WHAT YOU HAVE TO DO | In the records below, find the line with "Mercedes-Benz GL 350, снимка" and repeat exactly every line from it through the line with "Weiß Gebraucht 2015". Pictures stay out.

RECORD SET |
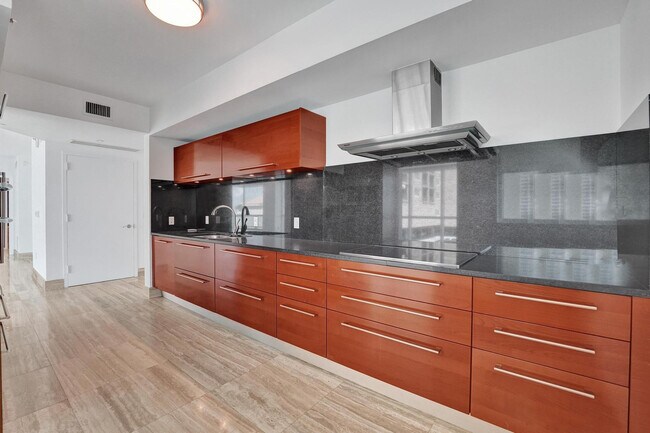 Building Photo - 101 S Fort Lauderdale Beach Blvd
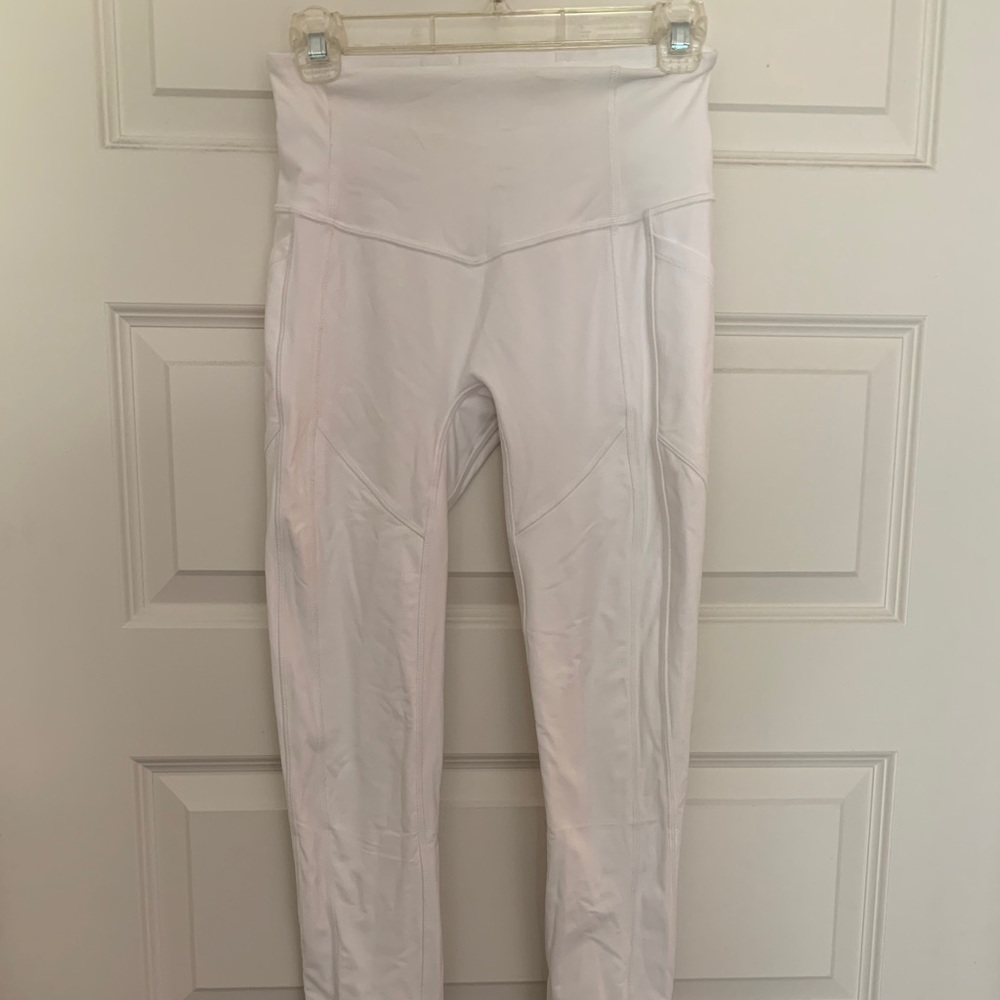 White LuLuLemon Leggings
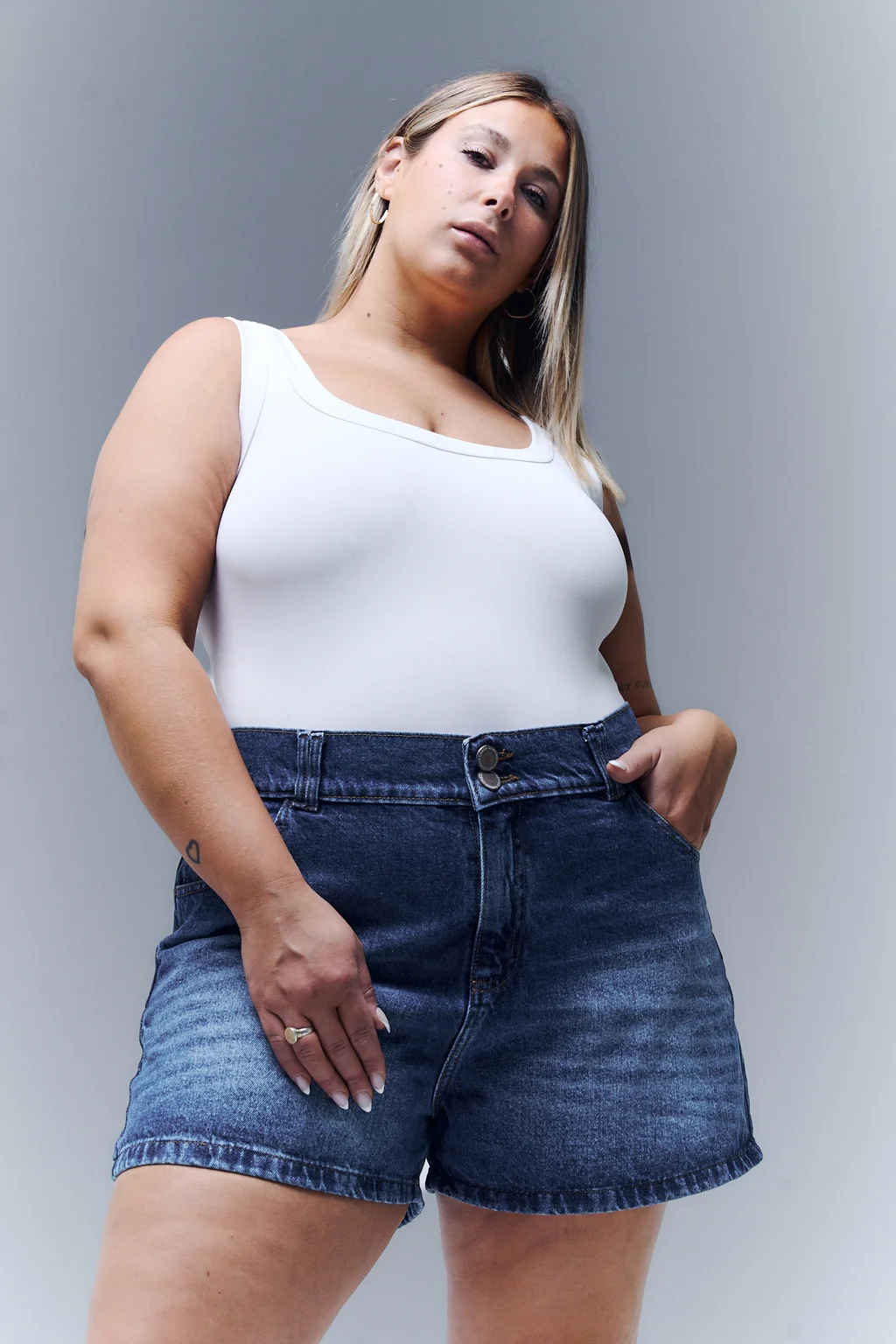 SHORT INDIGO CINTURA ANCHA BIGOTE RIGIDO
--
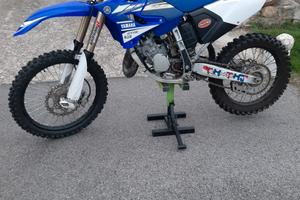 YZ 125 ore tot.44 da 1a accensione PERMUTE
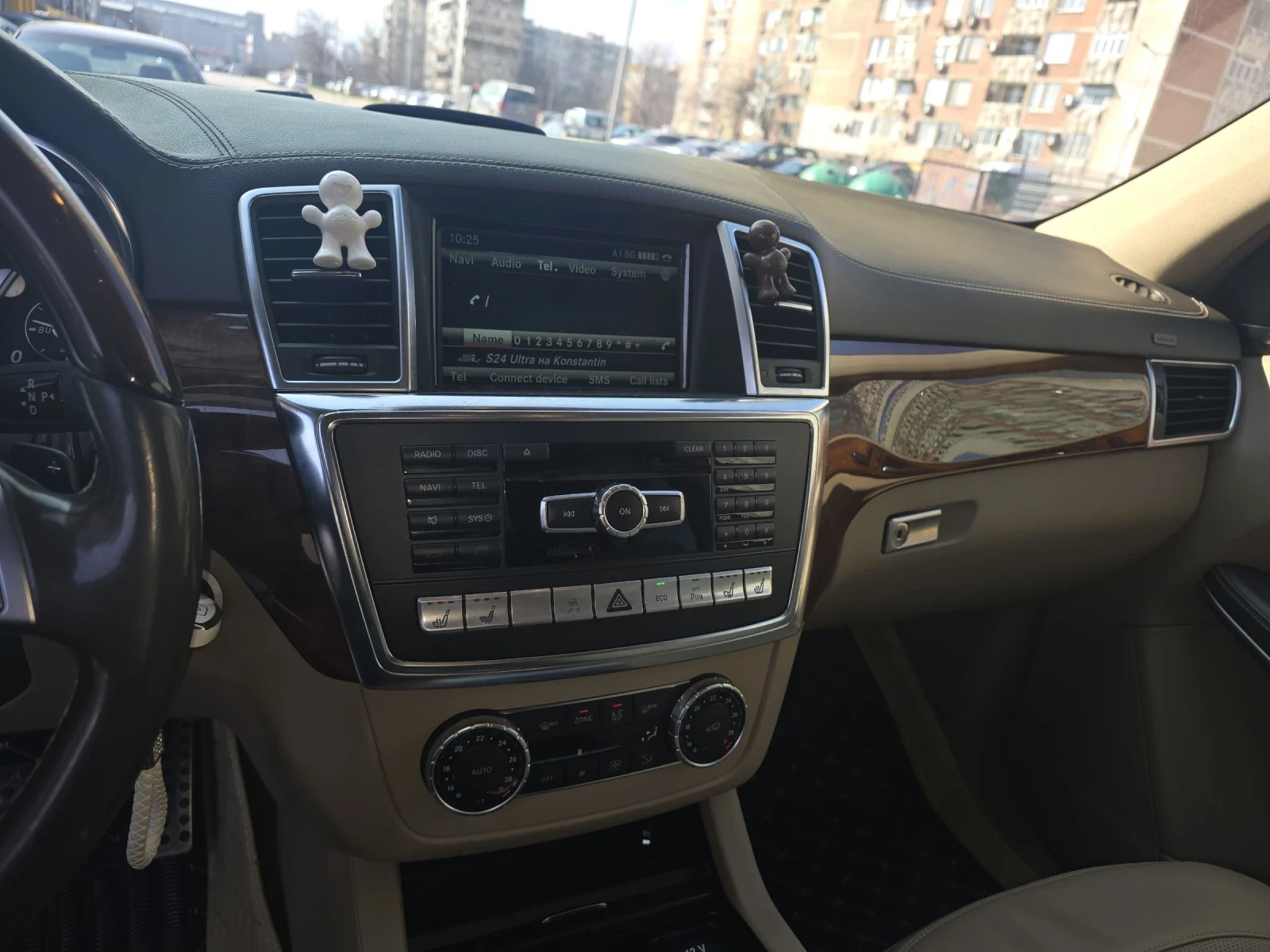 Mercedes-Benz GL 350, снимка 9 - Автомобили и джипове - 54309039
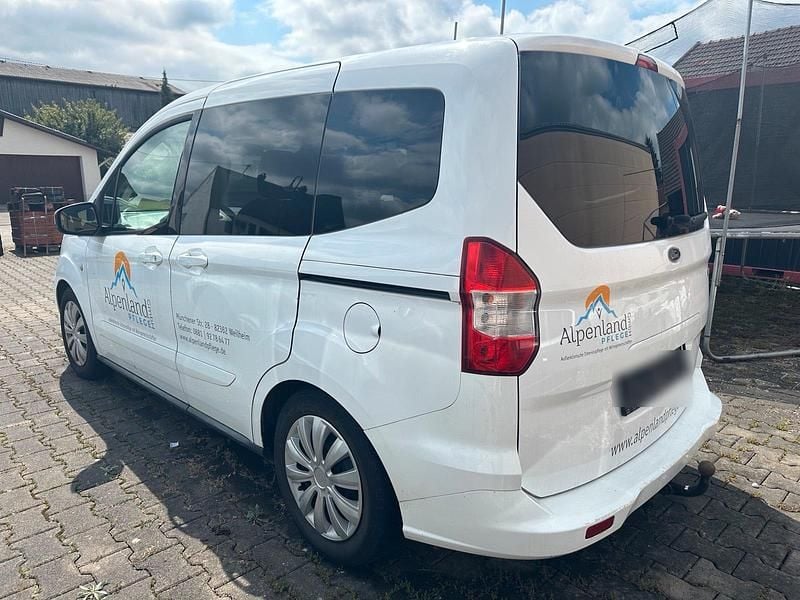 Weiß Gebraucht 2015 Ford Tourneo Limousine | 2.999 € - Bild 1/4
* * *
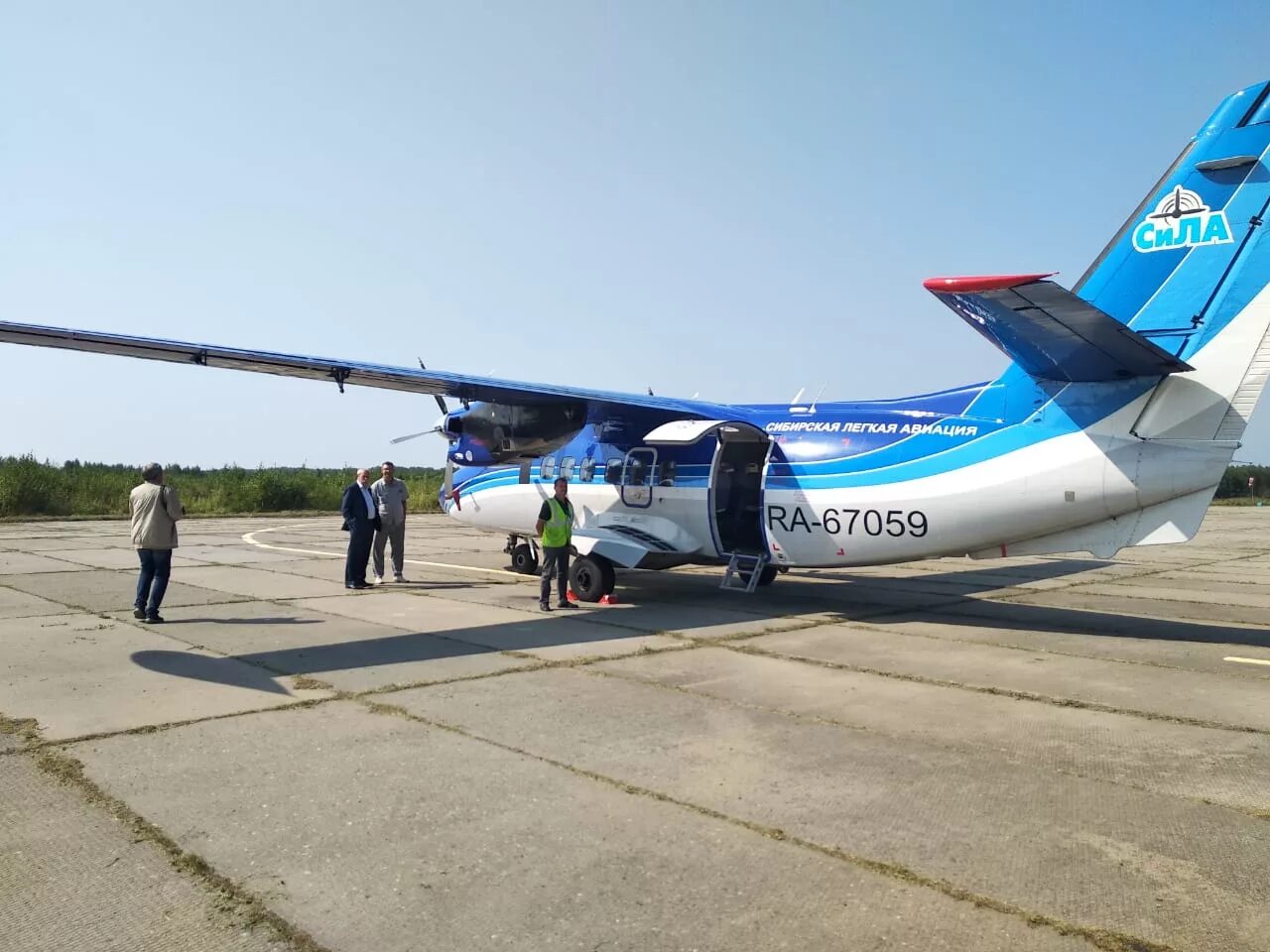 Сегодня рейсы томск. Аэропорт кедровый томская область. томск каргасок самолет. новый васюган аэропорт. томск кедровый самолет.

SOLUTION FOR THIS EXERCISE |
 Mercedes-Benz GL 350, снимка 9 - Автомобили и джипове - 54309039
 Weiß Gebraucht 2015 Ford Tourneo Limousine | 2.999 € - Bild 1/4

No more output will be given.